In this situation, we can imagine that small mutations that might otherwise have been neutral might now be advantageous.  Maybe people with bigger hands, allowing them to be used to flap and keep themselves in the air longer, would now be able to live longer and have more children… thus meaning that more people in the next generation would also have larger hands.

Thus, over thousands of years, there would be pressure for the average traits of the human population to drift:  the average hand-size in the population would increase, the average body-weight or bone-density would become less, and so on.  Eventually, we would become a species that could take a single leap and glide for several yards before landing. And eventually, over time, we would flap our wings.

A lot of fantasy, right?  Of course it is.

But, there are key points to be found in that fun little bit of science fiction I just outlined for you.

Key Point #1: There has to be something in the environment to make it an advantage to jump higher or move faster, for the whole thing to get started. Without an environmental pressure for there to be changes, the changes won’t happen.

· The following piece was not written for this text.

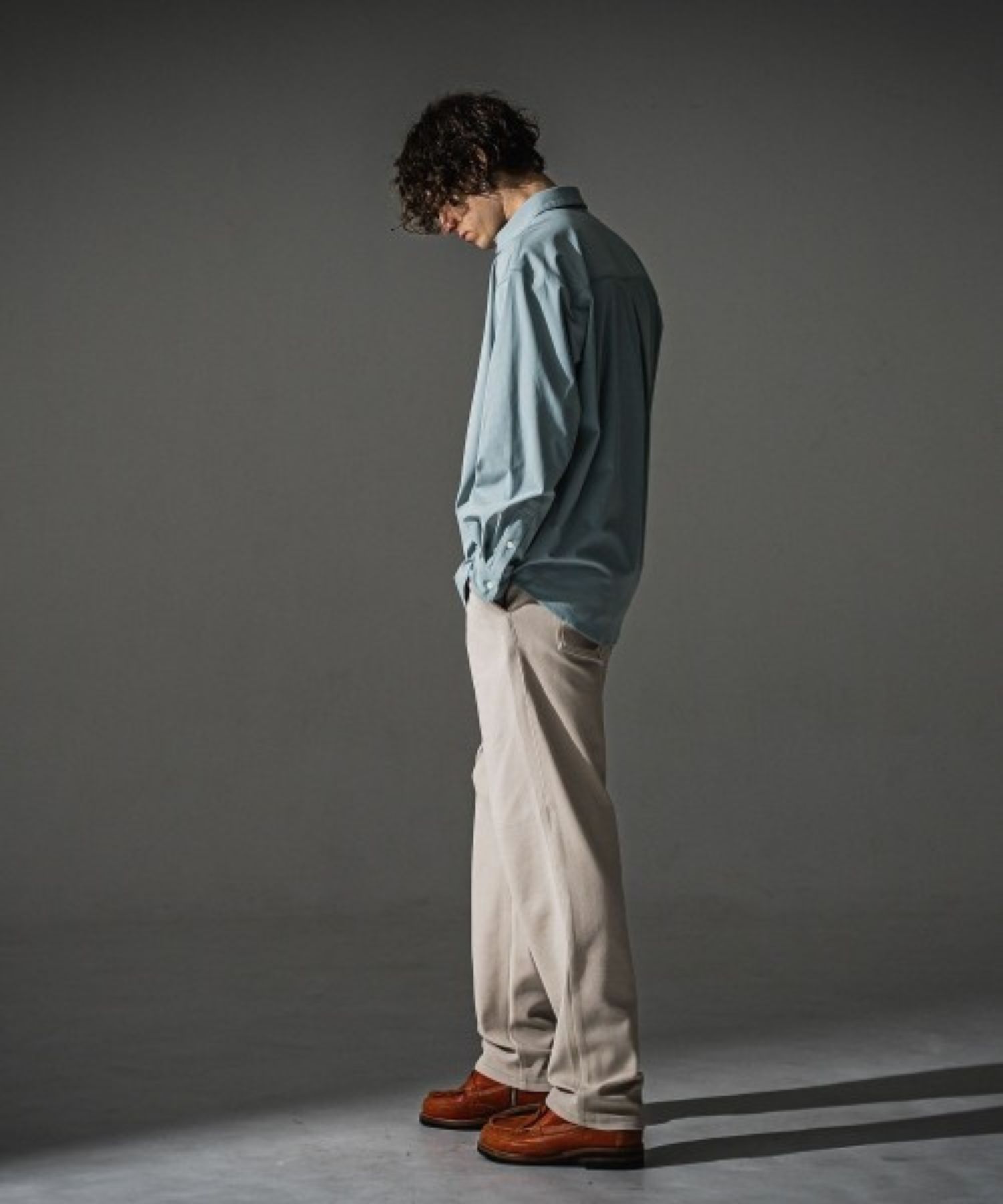 CHRIS EASY WIDE TUCK PANTS(BEIGE) レーヨン / セミワイドシルエット / ワンタック / ポケットあり / RC 41-ST-016WT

Key Point #2: It’s not like there will suddenly one day be wings. Thing move through transitional forms. There will be human descendents that jump very high, then human descendents that glide, long before there will be human descendents with wings.

 


 

This has been fun, and I’ve enjoyed taking the time to answer your question for you. If you have more questions, I will be more than happy to answer them for you.

But in conclusion, I want to also emphasize what I said from the beginning: if your goal is to call the theory of evolution into question, then you simply need to learn more about evolution. The types of questions that you are asking do not accomplish that goal.

You are asking basic, elementary-student level questions that have obvious answers.  If your goal is to learn those answers, then I’m here to help.  If your goal is to challenge evolution, then you have a long, long way to go.